#### [Your goal]
Type out all the records once more, exactly.

#### [Available records]
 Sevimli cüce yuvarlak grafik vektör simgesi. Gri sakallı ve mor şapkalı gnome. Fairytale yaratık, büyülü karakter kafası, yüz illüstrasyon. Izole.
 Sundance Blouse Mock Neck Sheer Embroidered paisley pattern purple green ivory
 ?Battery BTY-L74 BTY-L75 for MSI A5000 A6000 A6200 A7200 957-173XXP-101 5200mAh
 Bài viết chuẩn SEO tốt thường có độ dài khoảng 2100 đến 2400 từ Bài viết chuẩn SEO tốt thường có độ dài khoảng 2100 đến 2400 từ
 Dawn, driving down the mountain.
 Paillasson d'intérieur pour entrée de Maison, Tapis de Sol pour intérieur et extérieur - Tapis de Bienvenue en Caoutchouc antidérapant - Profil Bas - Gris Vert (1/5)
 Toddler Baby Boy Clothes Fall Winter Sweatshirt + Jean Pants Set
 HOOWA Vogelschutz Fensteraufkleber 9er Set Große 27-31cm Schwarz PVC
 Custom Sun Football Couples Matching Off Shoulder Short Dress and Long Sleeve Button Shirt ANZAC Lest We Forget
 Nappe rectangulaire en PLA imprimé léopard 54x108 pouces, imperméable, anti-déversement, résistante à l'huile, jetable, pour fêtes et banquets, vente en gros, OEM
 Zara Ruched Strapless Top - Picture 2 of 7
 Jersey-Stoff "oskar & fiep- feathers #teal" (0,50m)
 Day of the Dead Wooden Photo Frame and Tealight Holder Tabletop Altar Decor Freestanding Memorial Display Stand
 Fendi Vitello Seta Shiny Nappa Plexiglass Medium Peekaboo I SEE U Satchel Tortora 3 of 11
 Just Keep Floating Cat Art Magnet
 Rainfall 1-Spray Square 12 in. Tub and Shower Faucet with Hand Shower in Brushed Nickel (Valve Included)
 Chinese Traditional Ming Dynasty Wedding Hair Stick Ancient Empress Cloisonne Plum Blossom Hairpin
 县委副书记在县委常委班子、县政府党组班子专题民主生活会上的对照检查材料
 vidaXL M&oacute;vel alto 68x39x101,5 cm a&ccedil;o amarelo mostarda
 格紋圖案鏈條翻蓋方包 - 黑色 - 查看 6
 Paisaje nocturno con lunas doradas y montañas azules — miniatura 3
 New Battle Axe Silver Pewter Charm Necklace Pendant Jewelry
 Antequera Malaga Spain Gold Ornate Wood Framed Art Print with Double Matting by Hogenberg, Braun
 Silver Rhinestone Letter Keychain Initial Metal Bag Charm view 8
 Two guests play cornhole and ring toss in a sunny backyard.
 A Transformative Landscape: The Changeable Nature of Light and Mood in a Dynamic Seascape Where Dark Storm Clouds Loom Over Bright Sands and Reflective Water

#### [Task solution]
 Sevimli cüce yuvarlak grafik vektör simgesi. Gri sakallı ve mor şapkalı gnome. Fairytale yaratık, büyülü karakter kafası, yüz illüstrasyon. Izole.
 Sundance Blouse Mock Neck Sheer Embroidered paisley pattern purple green ivory
 ?Battery BTY-L74 BTY-L75 for MSI A5000 A6000 A6200 A7200 957-173XXP-101 5200mAh
 Bài viết chuẩn SEO tốt thường có độ dài khoảng 2100 đến 2400 từ Bài viết chuẩn SEO tốt thường có độ dài khoảng 2100 đến 2400 từ
 Dawn, driving down the mountain.
 Paillasson d'intérieur pour entrée de Maison, Tapis de Sol pour intérieur et extérieur - Tapis de Bienvenue en Caoutchouc antidérapant - Profil Bas - Gris Vert (1/5)
 Toddler Baby Boy Clothes Fall Winter Sweatshirt + Jean Pants Set
 HOOWA Vogelschutz Fensteraufkleber 9er Set Große 27-31cm Schwarz PVC
 Custom Sun Football Couples Matching Off Shoulder Short Dress and Long Sleeve Button Shirt ANZAC Lest We Forget
 Nappe rectangulaire en PLA imprimé léopard 54x108 pouces, imperméable, anti-déversement, résistante à l'huile, jetable, pour fêtes et banquets, vente en gros, OEM
 Zara Ruched Strapless Top - Picture 2 of 7
 Jersey-Stoff "oskar & fiep- feathers #teal" (0,50m)
 Day of the Dead Wooden Photo Frame and Tealight Holder Tabletop Altar Decor Freestanding Memorial Display Stand
 Fendi Vitello Seta Shiny Nappa Plexiglass Medium Peekaboo I SEE U Satchel Tortora 3 of 11
 Just Keep Floating Cat Art Magnet
 Rainfall 1-Spray Square 12 in. Tub and Shower Faucet with Hand Shower in Brushed Nickel (Valve Included)
 Chinese Traditional Ming Dynasty Wedding Hair Stick Ancient Empress Cloisonne Plum Blossom Hairpin
 县委副书记在县委常委班子、县政府党组班子专题民主生活会上的对照检查材料
 vidaXL M&oacute;vel alto 68x39x101,5 cm a&ccedil;o amarelo mostarda
 格紋圖案鏈條翻蓋方包 - 黑色 - 查看 6
 Paisaje nocturno con lunas doradas y montañas azules — miniatura 3
 New Battle Axe Silver Pewter Charm Necklace Pendant Jewelry
 Antequera Malaga Spain Gold Ornate Wood Framed Art Print with Double Matting by Hogenberg, Braun
 Silver Rhinestone Letter Keychain Initial Metal Bag Charm view 8
 Two guests play cornhole and ring toss in a sunny backyard.
 A Transformative Landscape: The Changeable Nature of Light and Mood in a Dynamic Seascape Where Dark Storm Clouds Loom Over Bright Sands and Reflective Water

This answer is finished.